[GIVEN DATA — start]
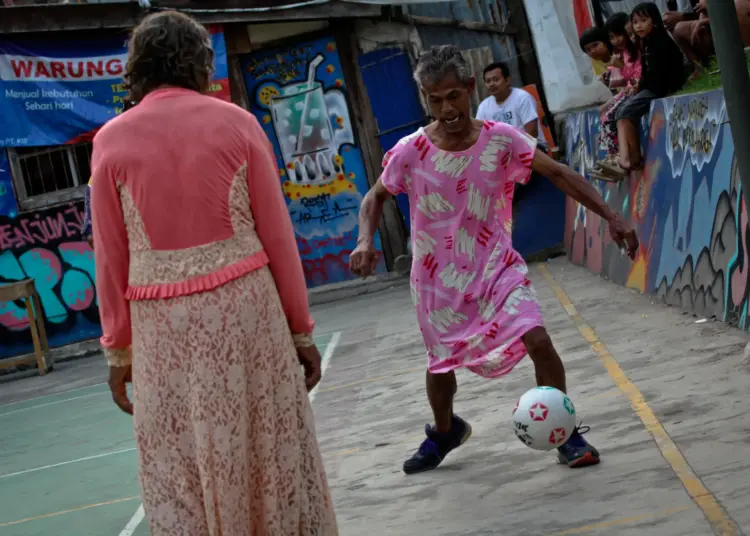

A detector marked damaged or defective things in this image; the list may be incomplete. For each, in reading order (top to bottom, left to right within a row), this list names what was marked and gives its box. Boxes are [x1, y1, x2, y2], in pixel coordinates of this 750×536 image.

rusty corrugated metal [406, 0, 524, 85]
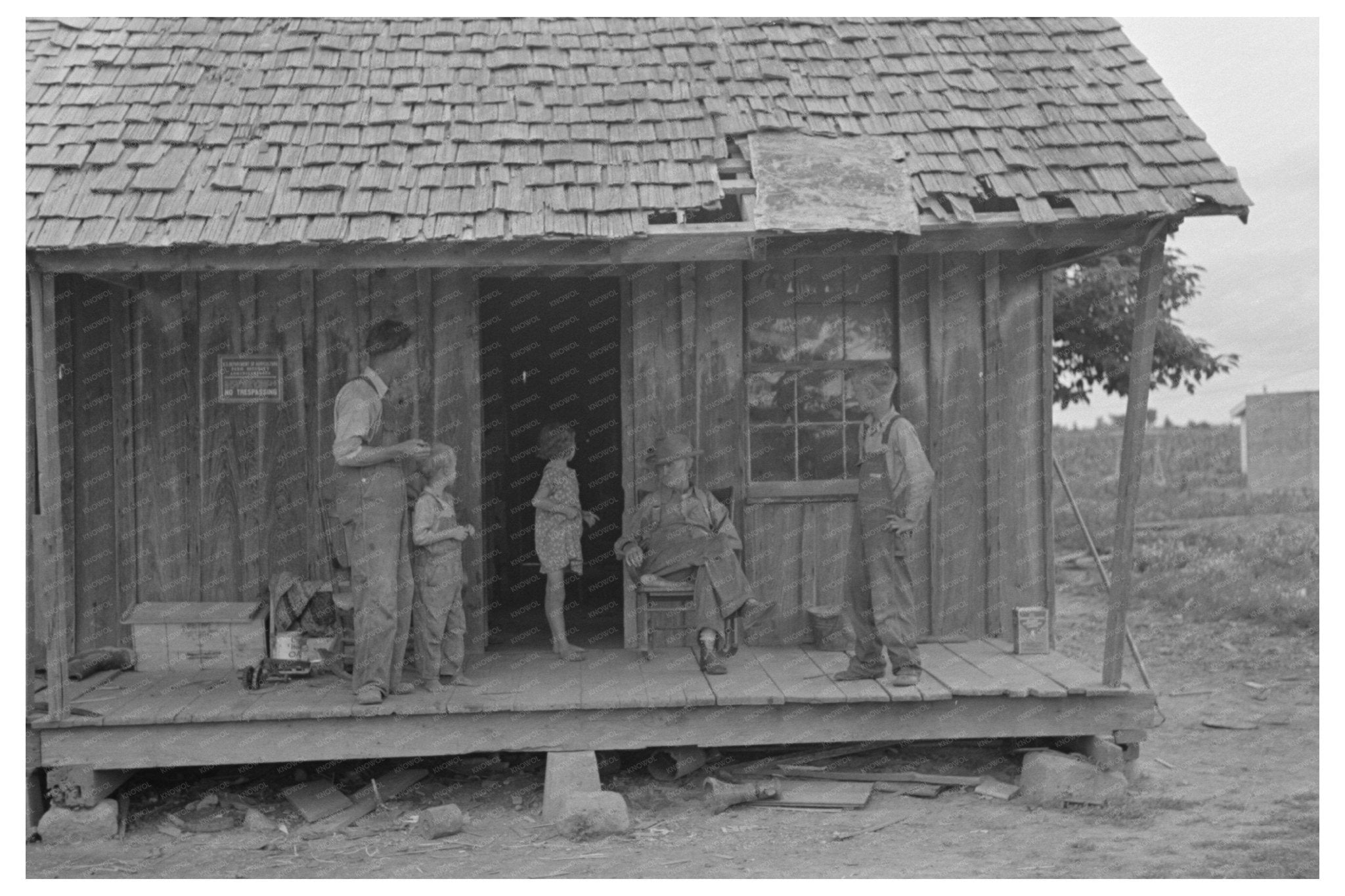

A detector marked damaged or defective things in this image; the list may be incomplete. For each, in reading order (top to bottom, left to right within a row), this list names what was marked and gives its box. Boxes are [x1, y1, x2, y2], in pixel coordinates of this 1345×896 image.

broken board on ground [747, 784, 871, 811]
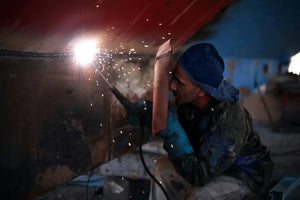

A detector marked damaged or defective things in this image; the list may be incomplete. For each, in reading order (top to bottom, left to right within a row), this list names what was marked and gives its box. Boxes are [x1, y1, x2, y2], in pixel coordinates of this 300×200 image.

rusty metal surface [0, 54, 154, 198]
[GIVEN DATA — finish]
## ABOUT THIS EXERCISE
From the line containing "this 1345×896 image." down to the last line of the records above, repeat every line exactly and nothing else, dropping any pictures.

## ANSWER TO THE PROBLEM
A detector marked damaged or defective things in this image; the list may be incomplete. For each, in reading order (top to bottom, left to right within a row), this list names what was marked and gives its box. Boxes are [x1, y1, x2, y2], in pixel coordinates of this 1345×896 image.

broken board on ground [747, 784, 871, 811]

A detector marked damaged or defective things in this image; the list may be incomplete. For each, in reading order (top to bottom, left to right within a row), this list names what was marked and gives its box. Boxes are [x1, y1, x2, y2], in pixel coordinates of this 300×200 image.

rusty metal surface [0, 54, 154, 198]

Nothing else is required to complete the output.